1   Implications for management

This debate has two sets of implications for managers. The first concerns the practice of the corporate state, which should be seen as a form of organizational learning, from analysis and experience, how to cope more efficiently with complexity and change. The implications for the processes of strategy formation are the following:
·         Given the uncertainty, explore the consequences of a range of possible future courses.
·         Ensure broad participation and natural channels of communication.
·         Encourage the use of multiple reservoirs of information, debate, and skepticism.
·         Expect to change strategies in the light of new (and often unexpected) evidence.
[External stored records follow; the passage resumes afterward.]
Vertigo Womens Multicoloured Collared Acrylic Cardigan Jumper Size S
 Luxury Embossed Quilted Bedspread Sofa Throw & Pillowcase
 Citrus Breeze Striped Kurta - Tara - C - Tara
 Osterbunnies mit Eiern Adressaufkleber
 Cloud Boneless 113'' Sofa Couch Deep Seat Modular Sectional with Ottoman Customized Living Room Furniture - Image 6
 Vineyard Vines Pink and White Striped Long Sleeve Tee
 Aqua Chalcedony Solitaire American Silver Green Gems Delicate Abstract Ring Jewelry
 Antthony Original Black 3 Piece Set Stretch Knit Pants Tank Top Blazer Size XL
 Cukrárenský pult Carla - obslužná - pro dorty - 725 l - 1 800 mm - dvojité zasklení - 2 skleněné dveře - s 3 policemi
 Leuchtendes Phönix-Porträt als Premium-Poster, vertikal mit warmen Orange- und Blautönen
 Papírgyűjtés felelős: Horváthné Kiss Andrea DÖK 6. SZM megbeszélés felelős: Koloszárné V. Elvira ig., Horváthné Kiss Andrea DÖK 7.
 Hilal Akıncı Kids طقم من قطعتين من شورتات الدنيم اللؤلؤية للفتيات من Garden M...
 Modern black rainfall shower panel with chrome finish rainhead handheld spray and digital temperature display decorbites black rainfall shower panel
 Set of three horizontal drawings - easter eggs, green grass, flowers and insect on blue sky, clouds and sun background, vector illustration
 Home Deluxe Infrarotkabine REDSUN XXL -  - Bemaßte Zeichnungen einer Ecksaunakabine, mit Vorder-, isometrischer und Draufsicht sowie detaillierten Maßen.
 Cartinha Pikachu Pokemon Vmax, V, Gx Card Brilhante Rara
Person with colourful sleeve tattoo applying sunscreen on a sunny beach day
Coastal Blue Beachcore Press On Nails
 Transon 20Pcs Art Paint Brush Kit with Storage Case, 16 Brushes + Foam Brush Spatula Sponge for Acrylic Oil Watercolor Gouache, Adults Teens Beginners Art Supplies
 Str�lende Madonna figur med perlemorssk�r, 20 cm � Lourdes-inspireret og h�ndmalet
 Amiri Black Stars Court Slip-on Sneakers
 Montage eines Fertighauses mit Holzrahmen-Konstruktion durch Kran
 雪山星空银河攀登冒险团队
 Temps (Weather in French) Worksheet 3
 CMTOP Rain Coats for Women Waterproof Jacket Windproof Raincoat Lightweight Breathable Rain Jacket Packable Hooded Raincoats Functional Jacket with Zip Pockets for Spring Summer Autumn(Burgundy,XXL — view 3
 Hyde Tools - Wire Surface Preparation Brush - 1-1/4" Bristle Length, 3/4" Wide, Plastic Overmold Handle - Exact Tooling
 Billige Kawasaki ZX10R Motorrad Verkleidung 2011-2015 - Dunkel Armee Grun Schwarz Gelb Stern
The second implication is that successful management practice is never fully reproducible. In a complex world, neither the most scrupulous practicing manager nor the most rigorous management scholar can be sure of identifying – let alone evaluating – all the necessary ingredients in real examples of successful management practice. Also, the conditions of any (inevitably imperfect) reproduction of successful management practice will differ from the original, whether regarding firm, country, sector, physical conditions, state of technical knowledge, or organizational skills and cultural norms.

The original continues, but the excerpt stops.